Researchers at the Ulsan National Institute of Science and Technology (UNIST) have developed a clever AI-driven method to forecast how much CO2 is absorbed by terrestrial plants – the very same process that tackles around 30% of global emissions through photosynthesis. This new approach harnesses high-frequency data from the Himawari-8 satellite, generating a detailed, hourly picture of the gross primary production (GPP) that underpins our planet’s carbon uptake.
Led by Professor Jungho Im, the team’s model provides estimates at an impressive daily and hourly cadence, ideal for those who’ve ever wrestled with the limitations of polar-orbiting satellites that only capture a few snapshots per day. GPP, which measures the carbon fixed by plants during photosynthesis, is a key indicator for assessing ecosystem health and carbon sequestration. By using data collected every 10 minutes, the model significantly enhances prediction accuracy, all while integrating vital meteorological inputs like Aerosol Optical Depth (AOD). AOD, a measure of fine dust and particulate matter in the air, plays a major role in how sunlight filters through to the surface, affecting how efficiently plants can work their photosynthetic magic.

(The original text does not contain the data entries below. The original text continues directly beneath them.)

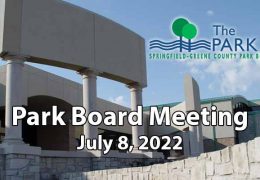 Park Board Meeting – July 8, 2022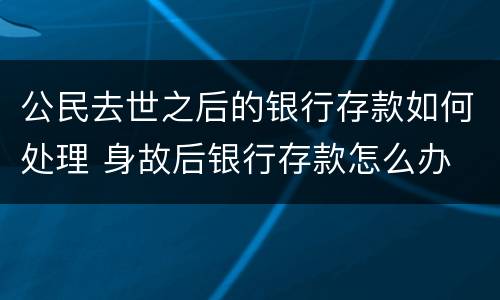 公民去世之后的银行存款如何处理 身故后银行存款怎么办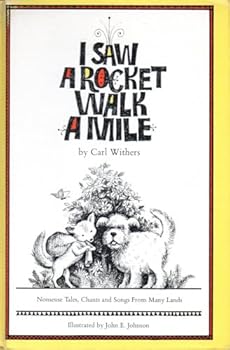I Saw a Rocket Walk a Mile: Nonsense Tales, Chants, and Songs from Many Lands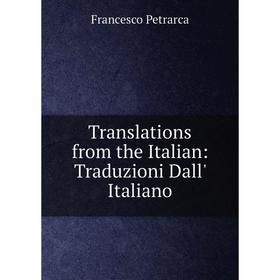 

Книга Translations from the Italian: Traduzioni Dall' Italiano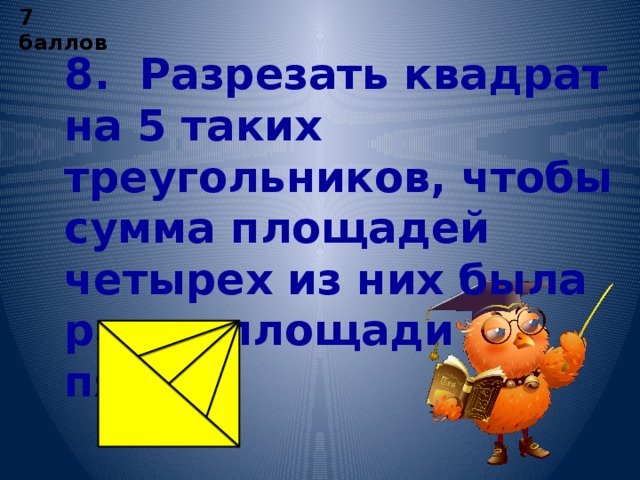 7 баллов 8. Разрезать квадрат на 5 таких треугольников, чтобы сумма площадей четырех из них была равна площади пятого.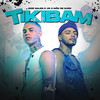 Tikibam - Igor Sales&JS o Mão de Ouro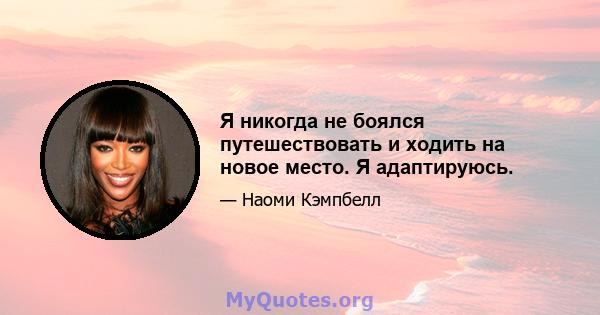 Я никогда не боялся путешествовать и ходить на новое место. Я адаптируюсь.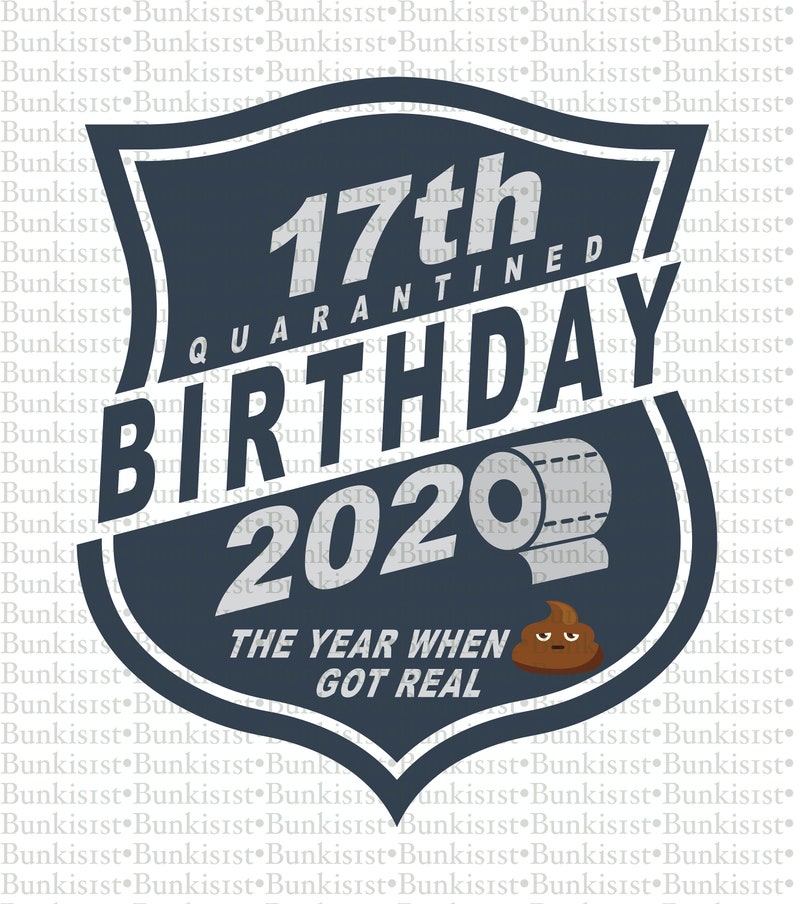 Download 17th Quarantine Birthday SVG/ PNG/ JPG Files | Etsy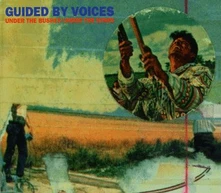 Guided by Voices, Vinyl UNDER THE BUSHES UNDER THE STARS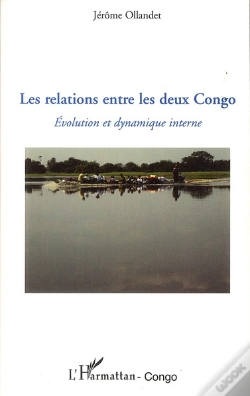 Capa do artigo Les Relations Entre Les Deux Congo ; Évolution Et Dynamique Interne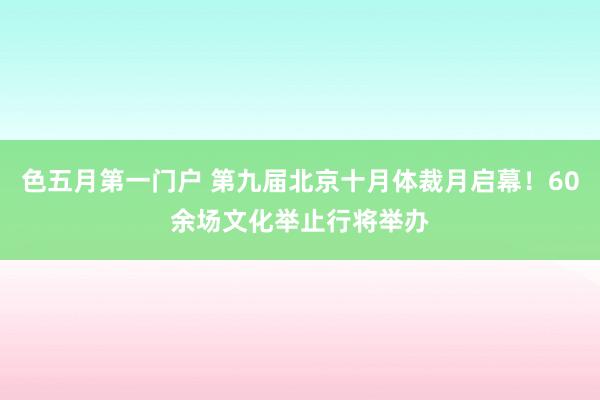 色五月第一门户 第九届北京十月体裁月启幕！60余场文化举止行将举办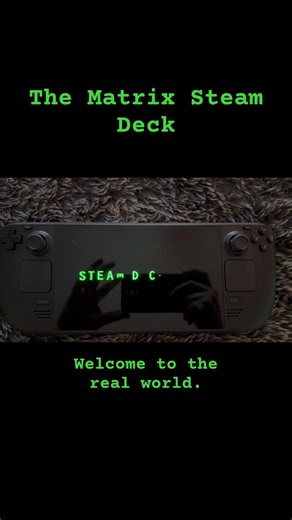 The Matrix #steamdeck boot up video #gaming #handheldgaming #shorts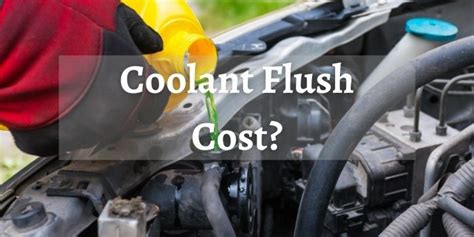 how much does it cost to flush coolant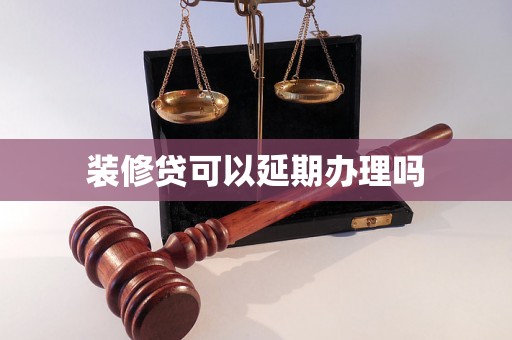 装修贷可以延期办理吗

The researchers also made clever use of SHapley Additive exPlanations (SHAP) to clarify which factors are driving the model’s predictions. You’ll find that AOD exerts a noticeable influence during the early morning and late evening when the sun sits low in the sky, perfectly aligning with the idea that scattered light can make a significant difference to photosynthesis. According to Professor Im, the model’s ability to track carbon absorption across East Asia at a 2 km resolution around the clock offers a valuable tool for those involved in ecosystem studies and vegetation monitoring.